Cutbacks in new car inventory has also affected the rental car industry, as companies are unable to buy the type of new vehicles they want. This has caused skyrocketing rental car prices in popular U.S. cities this summer as demand far exceeds supply.
Why can’t manufacturers just make more?
The chip making industry has always had difficulty keeping up with sudden demand spikes. Alan Priestly, research firm Gartner’s VP Analyst explained that ramping up production with an existing foundry also takes time. “You can’t suddenly go to a chip vendor and say, ‘give me a million new chips’ if you haven’t got the order in place because there’s a throughput time,” said Priestley. “If I put an order in today, and there’s capacity available, it may take me three months or more to get the chip.”
Countries around the world are now being compelled to think about how chips are produced and where.
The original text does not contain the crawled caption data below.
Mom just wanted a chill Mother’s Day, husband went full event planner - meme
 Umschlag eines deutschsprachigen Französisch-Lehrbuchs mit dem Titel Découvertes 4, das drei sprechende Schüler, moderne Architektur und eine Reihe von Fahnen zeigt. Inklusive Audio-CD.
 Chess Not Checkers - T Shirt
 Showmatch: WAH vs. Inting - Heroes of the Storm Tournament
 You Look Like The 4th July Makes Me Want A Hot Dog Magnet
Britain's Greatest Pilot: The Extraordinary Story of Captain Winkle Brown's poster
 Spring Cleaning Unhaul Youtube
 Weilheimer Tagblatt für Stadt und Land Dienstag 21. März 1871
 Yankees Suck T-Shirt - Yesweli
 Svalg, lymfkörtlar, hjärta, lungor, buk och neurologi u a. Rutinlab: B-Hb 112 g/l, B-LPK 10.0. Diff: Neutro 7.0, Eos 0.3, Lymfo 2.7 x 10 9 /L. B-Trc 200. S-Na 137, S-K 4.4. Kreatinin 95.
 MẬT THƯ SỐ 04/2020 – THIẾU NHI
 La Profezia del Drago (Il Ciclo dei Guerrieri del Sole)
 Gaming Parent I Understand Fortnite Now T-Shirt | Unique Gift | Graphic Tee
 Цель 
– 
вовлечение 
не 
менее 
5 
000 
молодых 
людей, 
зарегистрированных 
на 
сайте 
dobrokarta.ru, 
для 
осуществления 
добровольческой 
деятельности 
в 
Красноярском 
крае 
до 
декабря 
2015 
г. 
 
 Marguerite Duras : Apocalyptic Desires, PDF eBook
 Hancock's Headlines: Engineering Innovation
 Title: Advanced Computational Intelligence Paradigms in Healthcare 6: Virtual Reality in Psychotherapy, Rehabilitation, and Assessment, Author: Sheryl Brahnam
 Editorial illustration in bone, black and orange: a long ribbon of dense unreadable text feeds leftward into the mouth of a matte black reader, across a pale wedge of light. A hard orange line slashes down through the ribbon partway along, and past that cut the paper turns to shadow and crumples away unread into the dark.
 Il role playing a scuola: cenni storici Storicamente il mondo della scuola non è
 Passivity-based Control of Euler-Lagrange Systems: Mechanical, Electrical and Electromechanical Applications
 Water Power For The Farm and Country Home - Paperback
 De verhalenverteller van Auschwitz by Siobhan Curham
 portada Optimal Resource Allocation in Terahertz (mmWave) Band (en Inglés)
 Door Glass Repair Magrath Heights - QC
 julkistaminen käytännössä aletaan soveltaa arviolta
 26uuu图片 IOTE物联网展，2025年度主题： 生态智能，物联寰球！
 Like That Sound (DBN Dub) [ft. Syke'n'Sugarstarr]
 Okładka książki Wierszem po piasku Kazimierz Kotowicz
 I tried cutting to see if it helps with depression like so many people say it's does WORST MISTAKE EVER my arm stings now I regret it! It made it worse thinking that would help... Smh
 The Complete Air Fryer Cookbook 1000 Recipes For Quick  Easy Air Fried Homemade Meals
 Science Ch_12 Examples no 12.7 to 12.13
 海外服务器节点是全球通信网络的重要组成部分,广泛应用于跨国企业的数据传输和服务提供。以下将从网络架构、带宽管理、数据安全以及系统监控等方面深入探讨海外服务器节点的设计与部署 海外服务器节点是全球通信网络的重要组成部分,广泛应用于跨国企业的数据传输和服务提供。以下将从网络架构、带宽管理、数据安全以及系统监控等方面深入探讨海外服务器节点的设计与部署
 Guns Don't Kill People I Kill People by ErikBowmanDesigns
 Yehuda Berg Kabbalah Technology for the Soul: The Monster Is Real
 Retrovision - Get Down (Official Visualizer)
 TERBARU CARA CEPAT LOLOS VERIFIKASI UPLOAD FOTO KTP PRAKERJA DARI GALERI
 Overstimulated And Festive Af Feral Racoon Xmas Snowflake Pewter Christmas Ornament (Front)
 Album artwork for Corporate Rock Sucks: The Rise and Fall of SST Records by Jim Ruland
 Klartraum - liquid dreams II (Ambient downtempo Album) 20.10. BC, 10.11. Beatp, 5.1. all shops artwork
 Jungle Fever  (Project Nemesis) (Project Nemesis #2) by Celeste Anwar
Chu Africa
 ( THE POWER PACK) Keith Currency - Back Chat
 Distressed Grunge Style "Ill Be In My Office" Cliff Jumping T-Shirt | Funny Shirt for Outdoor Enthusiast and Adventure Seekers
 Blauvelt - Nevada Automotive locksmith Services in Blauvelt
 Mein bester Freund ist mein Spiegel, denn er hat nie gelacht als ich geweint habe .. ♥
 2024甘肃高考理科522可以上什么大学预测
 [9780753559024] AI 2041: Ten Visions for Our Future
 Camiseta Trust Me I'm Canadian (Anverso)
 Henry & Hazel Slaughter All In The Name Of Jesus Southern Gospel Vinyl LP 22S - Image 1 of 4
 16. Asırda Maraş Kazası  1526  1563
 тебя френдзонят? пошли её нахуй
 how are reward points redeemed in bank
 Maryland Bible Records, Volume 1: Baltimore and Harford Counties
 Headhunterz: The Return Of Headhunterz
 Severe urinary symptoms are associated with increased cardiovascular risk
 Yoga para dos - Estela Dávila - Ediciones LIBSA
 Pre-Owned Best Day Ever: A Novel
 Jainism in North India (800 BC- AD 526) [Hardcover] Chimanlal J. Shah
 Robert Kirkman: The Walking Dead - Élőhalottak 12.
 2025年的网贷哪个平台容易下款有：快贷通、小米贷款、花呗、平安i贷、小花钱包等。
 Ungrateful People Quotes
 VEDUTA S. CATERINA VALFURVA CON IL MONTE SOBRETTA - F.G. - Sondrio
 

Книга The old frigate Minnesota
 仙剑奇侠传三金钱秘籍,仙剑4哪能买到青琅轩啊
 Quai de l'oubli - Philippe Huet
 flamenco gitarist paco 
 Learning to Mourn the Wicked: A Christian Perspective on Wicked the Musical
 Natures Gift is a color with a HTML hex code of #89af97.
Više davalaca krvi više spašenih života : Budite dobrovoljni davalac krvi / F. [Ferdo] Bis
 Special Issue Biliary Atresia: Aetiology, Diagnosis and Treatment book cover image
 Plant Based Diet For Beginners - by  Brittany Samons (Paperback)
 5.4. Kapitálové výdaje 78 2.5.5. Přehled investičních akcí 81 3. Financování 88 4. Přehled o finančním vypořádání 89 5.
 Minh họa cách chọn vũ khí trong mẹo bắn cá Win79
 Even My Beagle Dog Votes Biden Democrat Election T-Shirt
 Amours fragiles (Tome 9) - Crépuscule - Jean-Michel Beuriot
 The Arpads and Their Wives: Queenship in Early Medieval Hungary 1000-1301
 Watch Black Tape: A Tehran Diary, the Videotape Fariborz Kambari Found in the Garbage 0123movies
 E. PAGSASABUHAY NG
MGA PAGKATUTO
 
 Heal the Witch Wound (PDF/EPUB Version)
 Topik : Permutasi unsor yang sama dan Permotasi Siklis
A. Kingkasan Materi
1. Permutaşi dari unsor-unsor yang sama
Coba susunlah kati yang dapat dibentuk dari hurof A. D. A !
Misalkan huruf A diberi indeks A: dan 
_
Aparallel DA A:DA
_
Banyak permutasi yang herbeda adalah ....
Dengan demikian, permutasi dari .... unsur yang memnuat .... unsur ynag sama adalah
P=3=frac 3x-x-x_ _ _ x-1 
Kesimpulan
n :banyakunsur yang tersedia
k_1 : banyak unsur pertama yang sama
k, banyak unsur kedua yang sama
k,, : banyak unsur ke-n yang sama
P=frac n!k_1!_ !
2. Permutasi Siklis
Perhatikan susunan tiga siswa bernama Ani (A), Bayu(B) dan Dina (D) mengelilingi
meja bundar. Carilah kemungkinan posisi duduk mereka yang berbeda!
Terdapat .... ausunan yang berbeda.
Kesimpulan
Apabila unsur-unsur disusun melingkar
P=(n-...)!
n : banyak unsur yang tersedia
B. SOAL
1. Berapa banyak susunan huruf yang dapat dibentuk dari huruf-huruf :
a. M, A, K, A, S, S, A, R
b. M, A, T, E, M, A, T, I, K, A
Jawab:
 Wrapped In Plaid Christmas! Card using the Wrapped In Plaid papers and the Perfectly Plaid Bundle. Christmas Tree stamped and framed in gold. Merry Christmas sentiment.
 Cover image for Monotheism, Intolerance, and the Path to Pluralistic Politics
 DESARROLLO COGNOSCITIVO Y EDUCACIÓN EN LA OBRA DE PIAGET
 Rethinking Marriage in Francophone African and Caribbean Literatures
Currently, the largest chip foundries in the world (from biggest to smallest) include Taiwan’s TSMC and UMC, South Korea’s Samsung, GlobalFoundries in the U.S. and China’s SMIC.
Nations are thinking about increasing the number of chips they produce or build new foundries. However, factories that produce wafers are not cheap or quick to build. A facility can cost tens of billions of dollars. Once built, it can take up to a year for testing and qualifying complex tools. Intel intends to spend $20 billion on two new chip plants in Arizona, and is supported in part by the Biden Administration’s $2.25 trillion infrastructure-focused plan.
Until chip supply and demand are rebalanced, industry experts expect problems to extend well into 2022.